6 октября Плещеев пишет Чехову подробный отзыв о рассказе. Засвидетельствовав «знание жизни и большую наблюдательность», он в то же время замечает, что не увидел в «Именинах» «направления»: «В принципиальном отношении тут нет ничего ни против либерализма, ни против консерватизма…» Плещееву не понравилось также насмешливое изображение «человека 60-х годов» и «украинофила», он обратил внимание на психологическую неубедительность образа Петра Дмитриевича в сцене с доктором (впоследствии снятой), нашел скучноватой середину рассказа, отметил явные подражания Толстому: «разговор Ольги Мих. с бабами о родах и та подробность, что затылок мужа вдруг бросился ей в глаза, – отзывается подражанием «Анне Карениной», где Долли также разговаривает в подобном положении с бабами и где Анна вдруг замечает уродливые уши у мужа» (6 октября – «Слово», с. 256–258).

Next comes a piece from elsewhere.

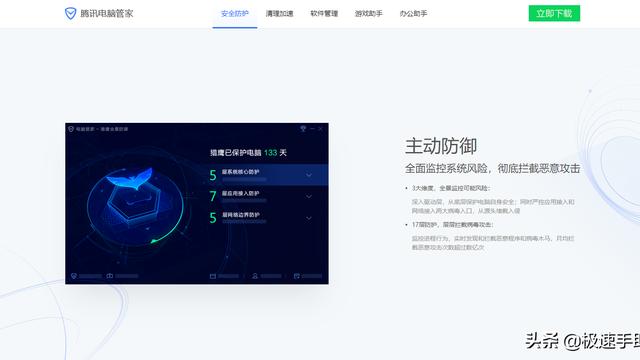 win10我的电脑管理无权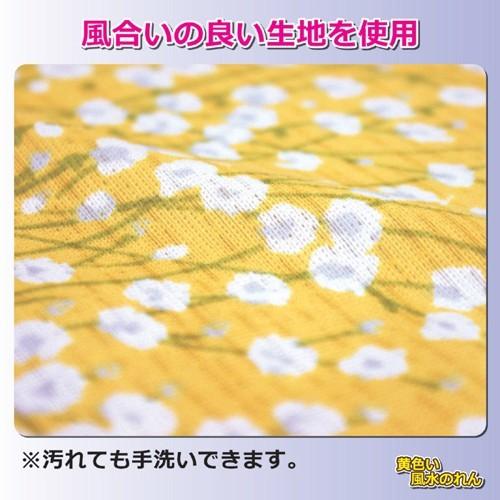 黄色い風水のれん 暖簾 おしゃれ 風水 運気 和柄 ロング丈 日本製 8037 Vie Shop 通販 Yahoo ショッピング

Отстаивая свою позицию, Чехов спрашивал Плещеева 9 октября: «Неужели и в последнем рассказе не видно «направления»? Вы как-то говорили мне, что в моих рассказах отсутствует протестующий элемент, что в них нет симпатий и антипатий… Но разве в рассказе от начала до конца я не протестую против лжи? Разве ото не направление?» Подтвердил он и свои симпатии к Ольге Михайловне, «либеральной и бывшей на курсах», к земству, к суду присяжных. Объяснил и отношение к «украинофилу»: тем, что «имел в виду тех глубокомысленных идиотов, которые бранят Гоголя за то, что он писал не по-хохлацки, которые, будучи деревянными, бездарными и бледными бездельниками, ничего не имея ни в голове, ни в сердце, тем не менее стараются казаться выше среднего уровня и играть роль, для чего и нацепляют на свои лбы ярлыки». И – к «человеку 60-х годов», этой «полинявшей недеятельной бездарности, узурпирующей 60-е годы»: «Шестидесятые годы – это святое время, и позволять глупым сусликам узурпировать его – значит опошлять его». (Впоследствии подробные характеристики «украинофила» и «человека 60-х годов» при большой переработке были сняты, очевидно, как затруднявшие развитие действия.) Относительно подражания Толстому Чехов согласился с Плещеевым: «Вы правы, что разговор с беременной бабой смахивает на нечто толстовское. Я припоминаю. Но разговор этот не имеет значения; я вставил его клином только для того, чтобы у меня выкидыш не вышел ex abrupto [71]71
внезапно (лат.).
[Закрыть]. Я врач и посему, чтобы не осрамиться, должен мотивировать в рассказах медицинские случаи. И насчет затылка Вы правы. Я это чувствовал, когда писал, но отказаться от затылка, который я наблюдал, не хватило мужества: жалко было».